BOLT Egyptian-English Word Alignment Training -- Discussion Forum 

                 Linguistic Data Consortium

 Authors: Xuansong Li, Katherine Peterson, Stephen Grimes, Stephanie Strassel
            

1. Introduction

 The DARPA BOLT Program created new techniques for automated translation
 and linguistic analysis that can be applied to informal genres of text
 and speech common to online and in-person communications. LDC supports the
 BOLT Program by collecting informal data sources including discussion forums,
 text messaging and chat and conversational telephone speech in English,
 Chinese and Egyptian Arabic, and applying annotations including translation,
 word alignment, Treebanking, PropBanking, co-reference and queries/responses.

 Word alignment data is contained in this release. In machine translation, word
 alignment is a crucial intermediate stage indicating corresponding word
 relations in parallel text. Word alignment data for this release is built on
 Treebank annotation. Tokens resulted from treebank annotation (including empty
 categories/traces) are directly extracted for word-level alignment.

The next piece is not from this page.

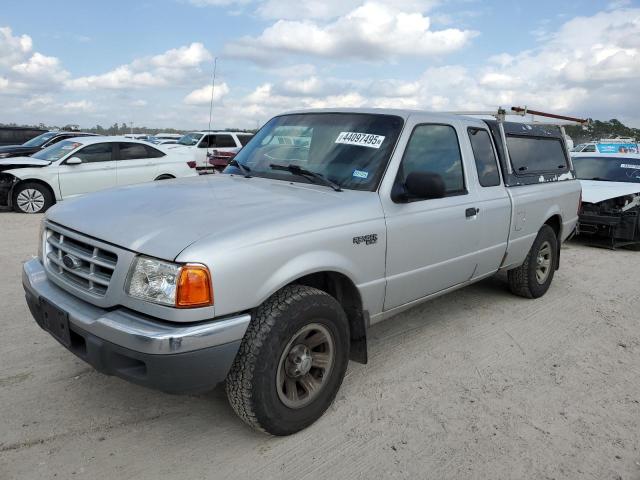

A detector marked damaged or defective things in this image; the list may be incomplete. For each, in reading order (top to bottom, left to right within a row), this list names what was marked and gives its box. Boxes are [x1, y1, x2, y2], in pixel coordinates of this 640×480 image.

damaged car [572, 155, 640, 248]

 The word alignment annotation in this release is linguistic-orientated and
 supported by linguistic theories, aiming to reach a variety of users from NLP
 fields as well as other research/education fields. For MT research, the data is
 intended for all MT performers with varying MT models. The annotation data format
 is designed to allow MT users to flexibly tailor or customize the annotation for
 different uses. Please see section 8 of this document as to how correctly use 
 the data for your model. 
 
 This release includes the corpus BOLT Egyptian-English Word Alignment Training -- 
 Discussion Forum. This file contains documentation for this corpus.  

2. Source Data Profile

2.1 Data Source and Selection

 Data used for word alignment are discussion forum posts harvested on-line at 
 LDC in 2012 for the BOLT project. Threads were collected based on the results 
 of manual data scouting by native speaker annotators. Scouts are instructed 
 to seek content that is in the Egyptian language; original (written by the 
 post's author rather than quoted), interactive, and informal.

 The harvested data was further selected and sentence-segmented at LDC for 
 translation by professional translation agencies. A manual selection procedure 
 was used to choose data appropriate for translation. Selection criteria included
 linguistic features and and topic features. After selection, selected posts were 
 segmented into sentence units (SU). Then files were assigned to professional 
 translators for careful translation. Translators followed LDC's BOLT Translation 
 guidelines. After translations were completed, bilingual LDC staff performed
 quality control by selecting a proportional sample from each delivery and
 scrutinizing it for mistakes. 

 Egyptian source tree tokens for word alignment were automatically extracted from 
 tree files of BOLT Egyptian Arabic Treebank annotation done on the source 
 discussion forum data harvested by LDC in 2012. The treebank annotation was  
 performed in 2012 and 2013. The Egyptian treebank annotation went through two 
 stages: POS-tagging and syntactic annotation. 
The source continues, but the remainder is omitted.